Kid Icarus Uprising's high barrier to entry makes it very un-Nintendo-like, and the kind of game I usually wouldn't deem worthy of a second look. I'm the kind of person who doesn't want to play a game if I have to wait for it to get fun. But Uprising's payoff is so worth it.
SCE Japan Studio built a world worth close investigation, full of lovely old-world architecture, signage in a fictional language, and flying vehicles attending to their daily rounds, and then gave players the best possible means to investigate it.
The story in Gravity Rush is sweet and intriguingly ambiguous, and protagonist Kat is an upbeat, genuinely nice person I found it easy to root for. The combat is exciting and makes good use of your gravity-twisting flight powers. But the real draw in this game is simply shooting around, above, under, and through every part of town, grabbing gems to upgrade your abilities and because they are there.

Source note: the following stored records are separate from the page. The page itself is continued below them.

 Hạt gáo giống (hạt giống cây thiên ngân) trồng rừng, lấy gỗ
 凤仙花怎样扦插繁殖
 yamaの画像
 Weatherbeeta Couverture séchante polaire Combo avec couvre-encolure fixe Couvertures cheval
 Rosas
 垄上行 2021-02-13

To me, Gravity Rush feels like what it would be like to be Superman, if Superman was an interesting person and Metropolis was an interesting place.
Spelunky somehow manages to be less frustrating because of its extreme difficulty. It's impossible to master a level – because the game is really hard, yes, but also because you'll never play the same level twice – and as a result, I don't feel ashamed or upset when I fail. Failure is inevitable, and that allows me to simply enjoy it.

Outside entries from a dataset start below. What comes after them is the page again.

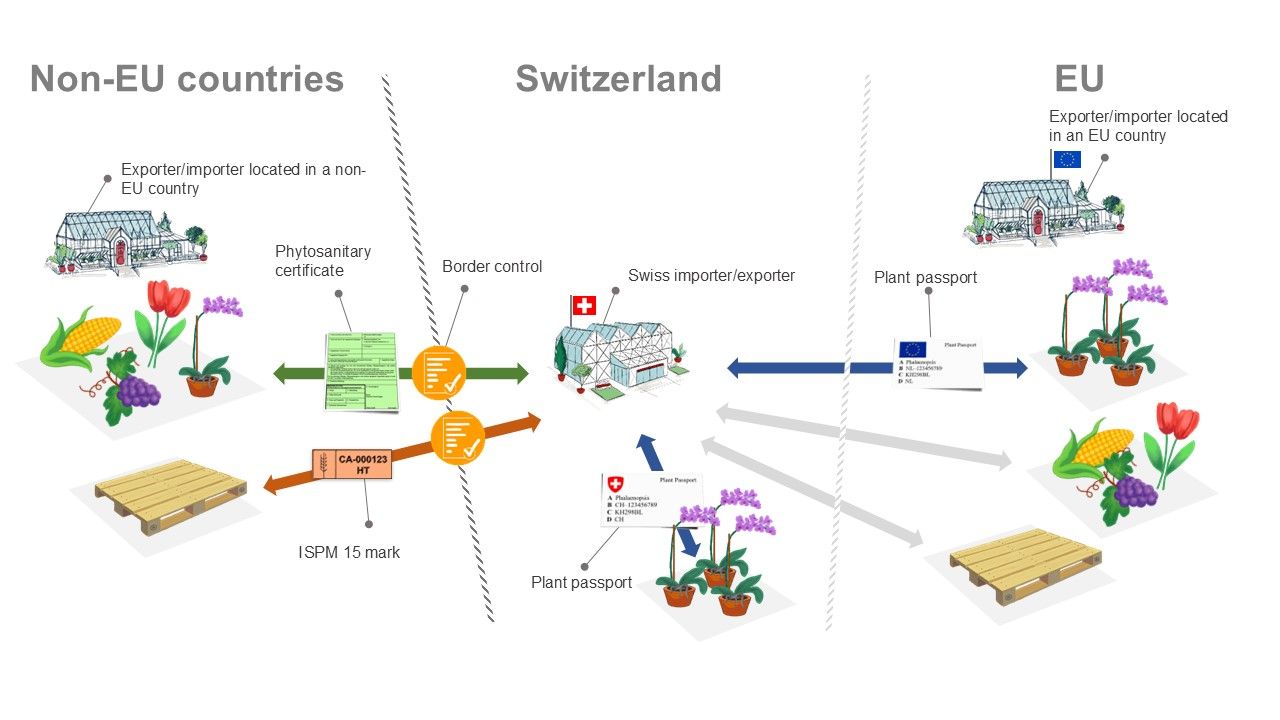 Visual representation of the plant passport system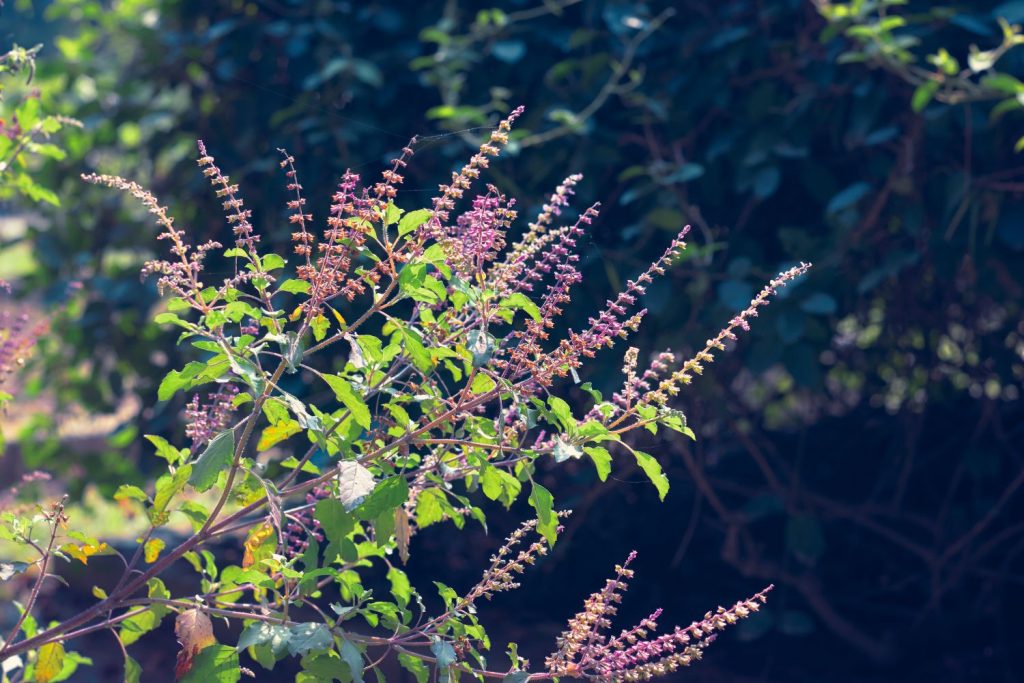 Tulsi Tea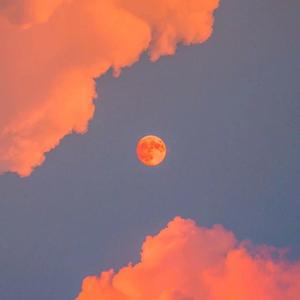 最新在线视频91
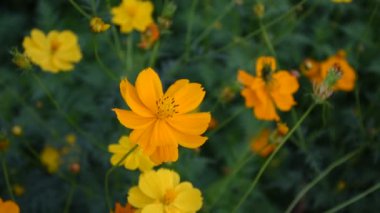 Kozmos çiçekleri, doğal bulanık arkaplanlı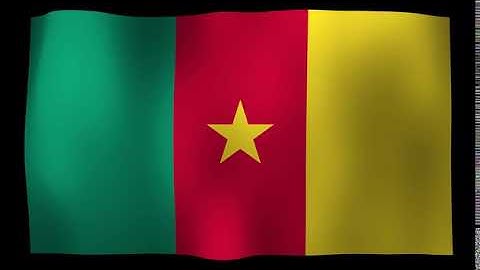 Cameroon Flag 4K Loop Video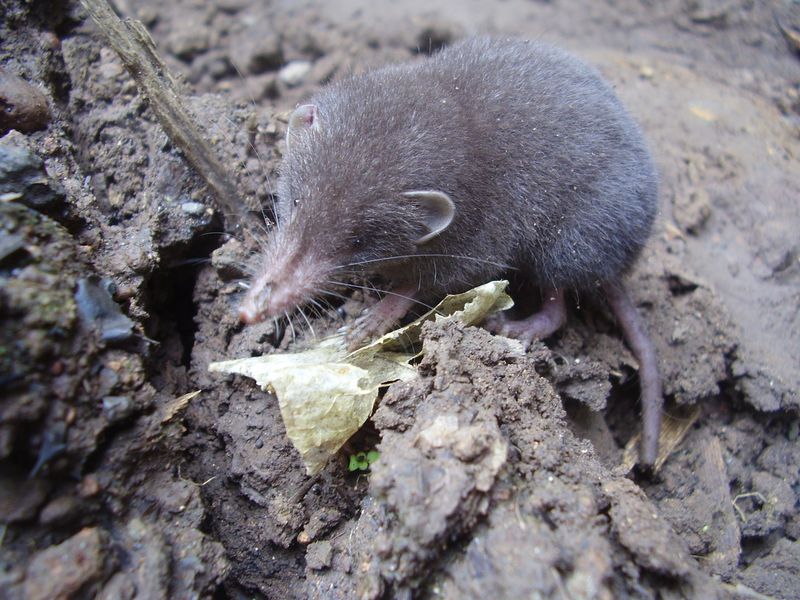 São Tomé Shrew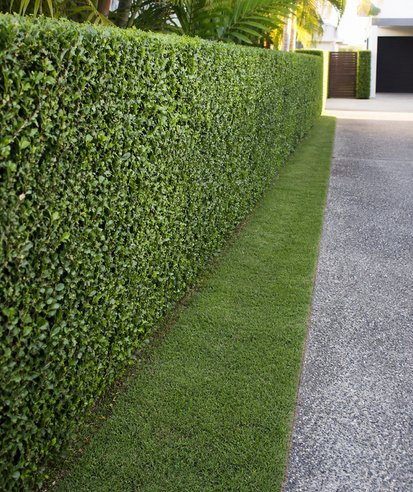 Long freshly trimmed hedge beside a driveway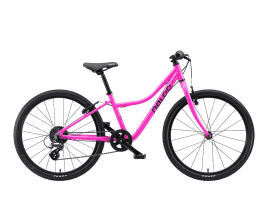 NALOO Chameleon 24 pink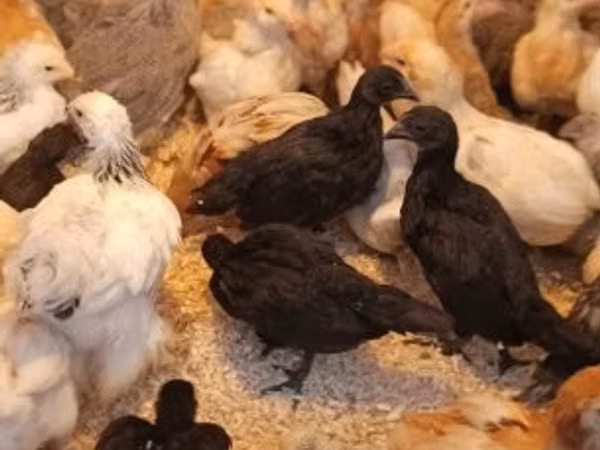 Аям чемани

I have gotten better at the game as I replayed it, building skill rather than memorizing levels and, most importantly, learning how all the elements of each level interact with each other. Everything in a level is part of a system that affects everything else: a trap will spring when you're nearby, hitting a giant frog, who then explodes, breaking the rocks underneath, and inevitably enraging the shopkeeper, who flies into a rage and chases you with a shotgun, only to run into spikes on his way. These interactions are both the basis of the challenge, and the basis of all the hilarious stories you'll take out of the game.

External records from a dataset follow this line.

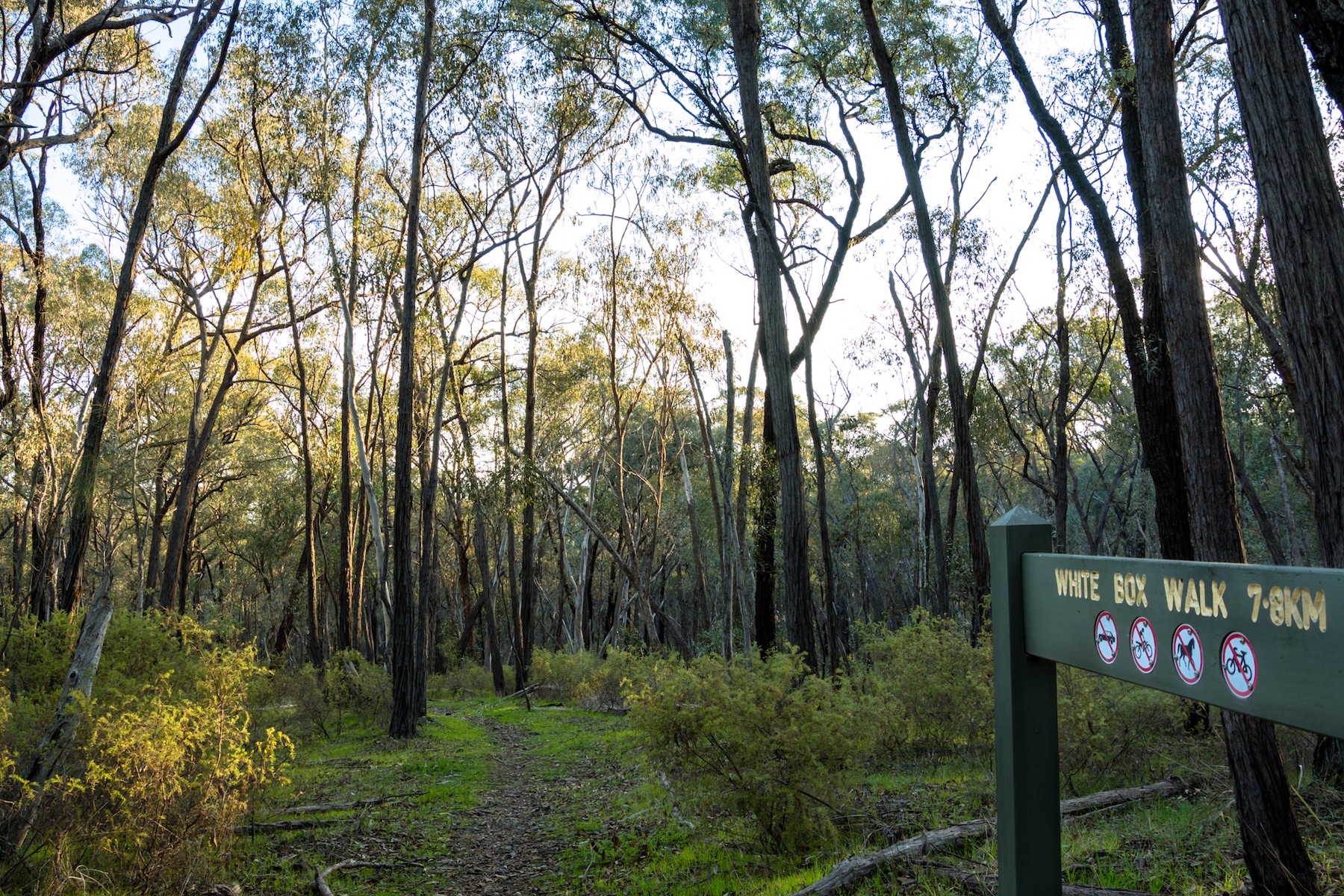 Chiltern White Box Walk - 3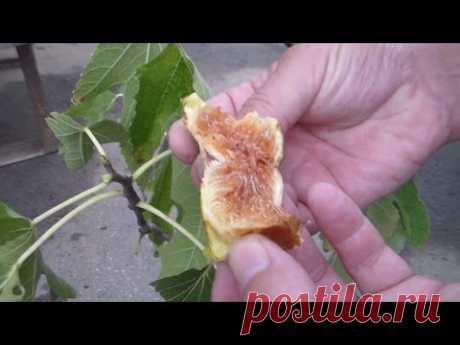 Очередной саженец инжира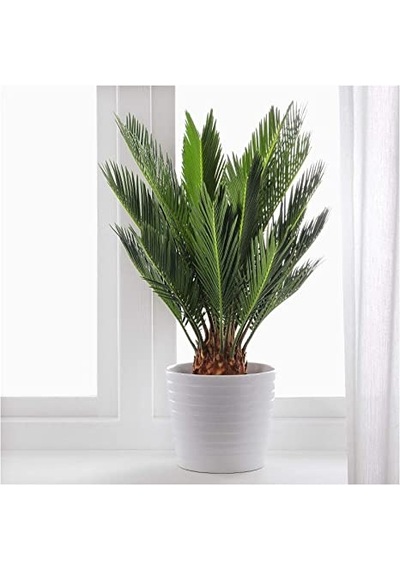 Sikas – Japon Sago Palmiyesi 30-40cm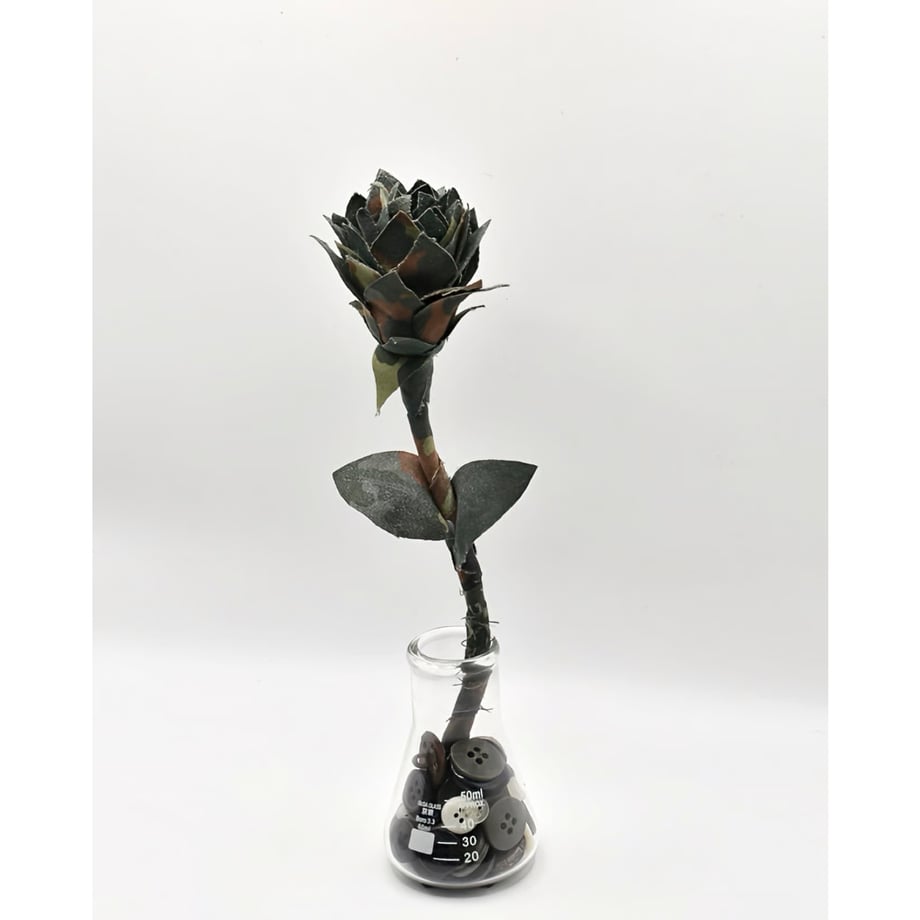 699a95ed3e68ea78c5bb1ac8
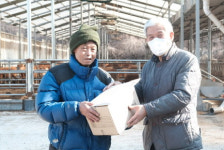 횡성축협, 조합원에 마스크 4000매 배부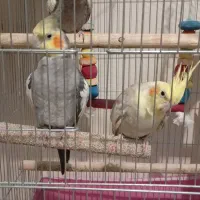 یک جفت عروس هلندی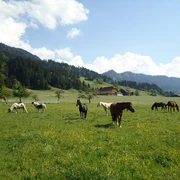 The horses in the meadow in Marbach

I don't know when I'll ever have time to do this, but I long to make my own "album" of levels in Sound Shapes' editor. Playing through each stage on my Vita, I saw wildly different visual styles and music styles. I saw interestingly designed, challenging platforming segments that simultaneously served to make musical grooves.
I don't think it's possible to play through Sound Shapes and not feel a little inspired to take the simple design tools and make your own levels, and in turn your own music. It's an album that teaches you how to play the instruments used in making it.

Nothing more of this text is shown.